第282章 射程之内,我是真理(1 / 2)苏白不白
黑木镇的雨停了。
风没停。
风从落基山脉北坡那片万年冻土上刮下来,带着一股子生铁锈蚀的味道。镇公所前那面湿透的星条旗被扯得笔直,布料在高频震动中发出鞭炮炸裂般的脆响。
几百号人围出的半圆场地里,全是烂泥。
尽头立着一根孤零零的枯木桩。木桩旁拴着那匹三岁的纯血夸特母马。
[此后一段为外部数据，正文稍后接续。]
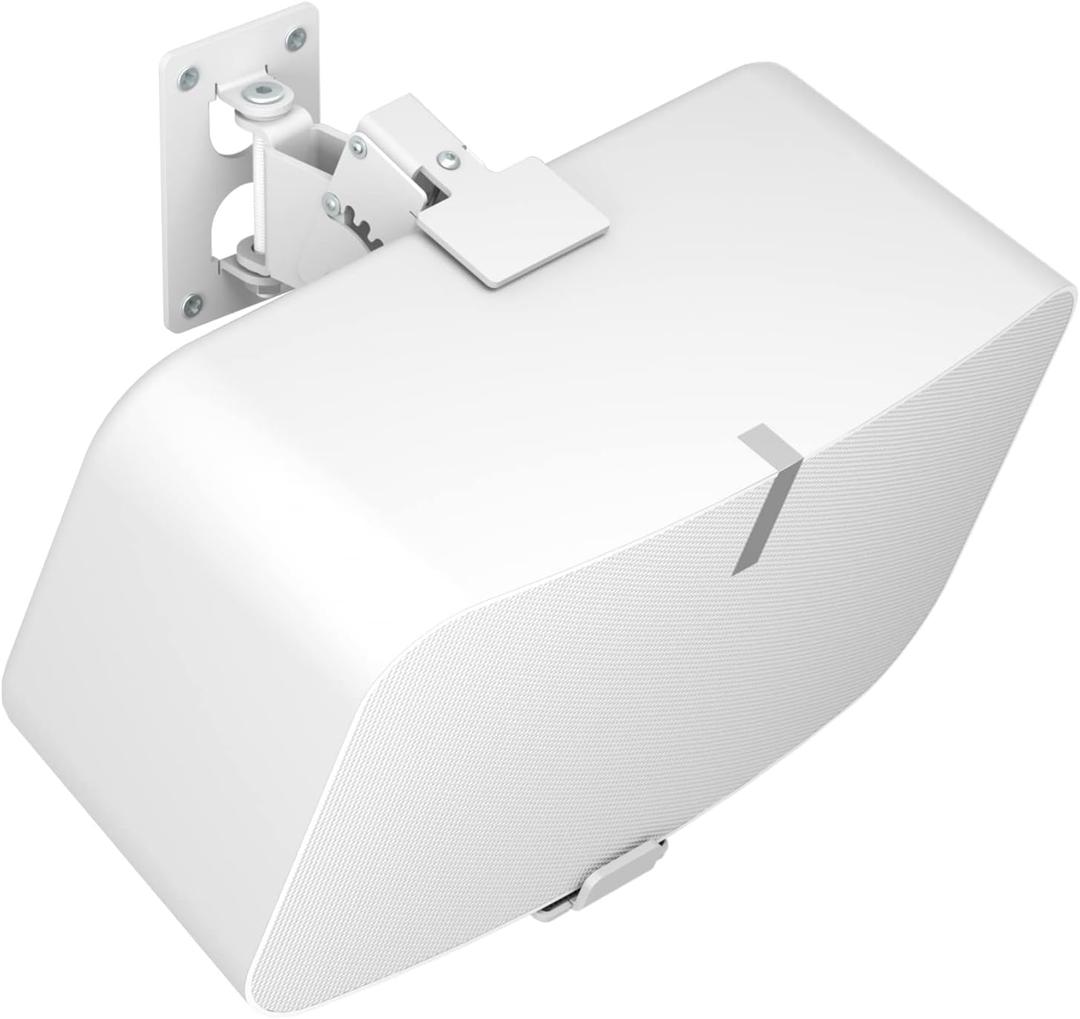 Yibracki Heavy Duty Speaker Wall Mount for Sonos 5 & Play 5 Mount - Tilt & Swivel Adjustable for Sonos 5 & Five Wall Mount and Sonos Play 5 Gen 2 Mounting Bracket, White
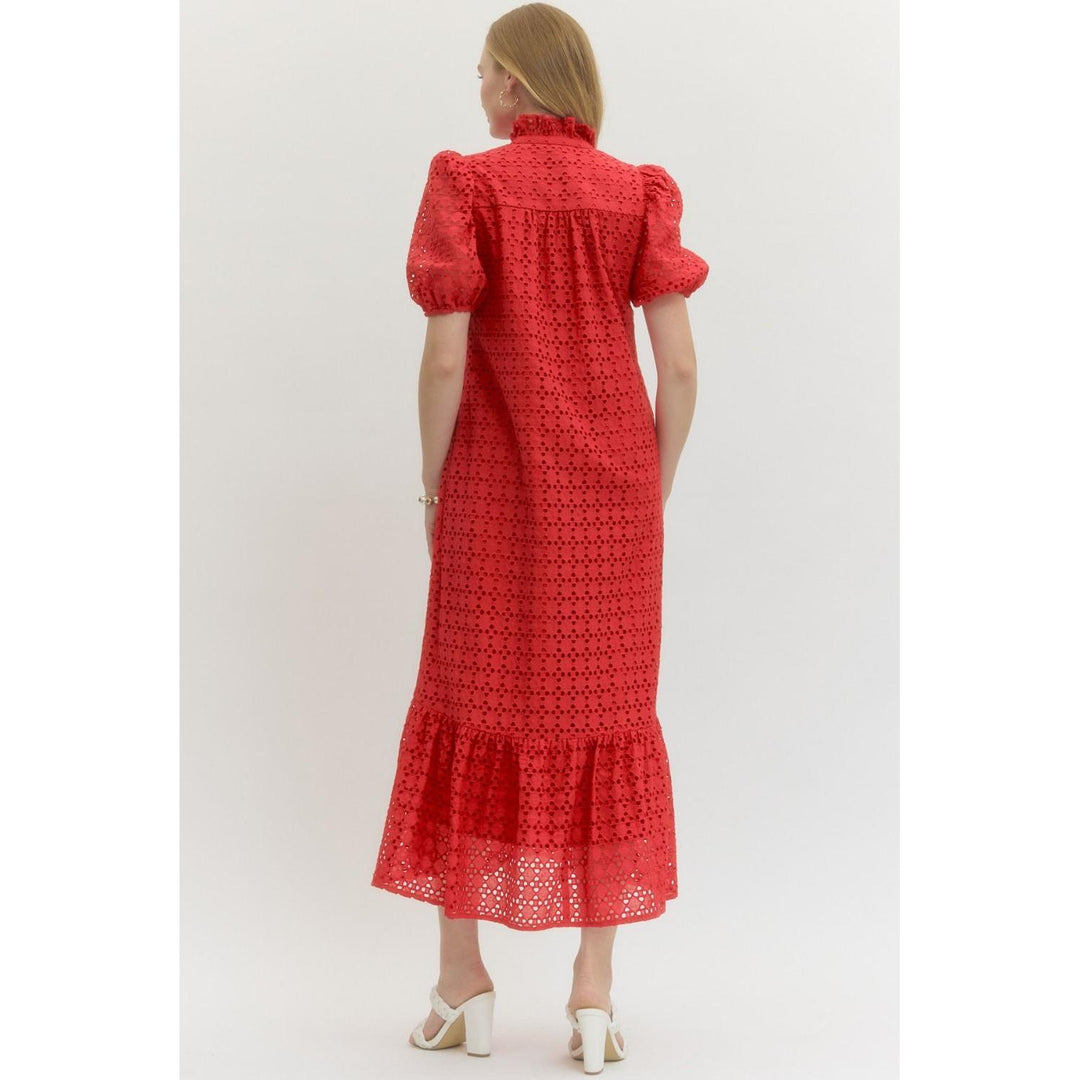 The Sutton Eyelet Puff Sleeve Red Midi Dress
栗色皮毛在阴霾下泛着绸缎般的光泽,宽阔的骨盆,修长的四肢,那是天生的金库。
罗杰斯死死抱着装满地契的破皮箱。
老头子的喉结上下滚动,眼珠子恨不得抠下来粘在那马屁股上。
“那是钱……那是会下崽的钱。”
罗杰斯声音发干,指甲抠进了皮箱面:“杰克,这马配咱们的‘银王’,生下来的牛犊子能直接去芝加哥选美。”
杰克嘴里叼着半截没点燃的雪茄。
他没理会老头的算盘,目光越过人群,落在场地中央。
那里站着斯科特商行请来的枪手。
一个来自德克萨斯的中年人。左脸一道刀疤贯穿眉骨,手里那把温彻斯特1894显然经过改装,枪管加长,照门也是特制的觇孔。
刚才三轮,这人在五十米外把十个啤酒瓶打成了玻璃粉。
“克劳福德先生。”
科尔从人群里走出来。他掸了掸西装上并不存在的灰尘,那是他在拍卖会丢脸后急于找回的场子。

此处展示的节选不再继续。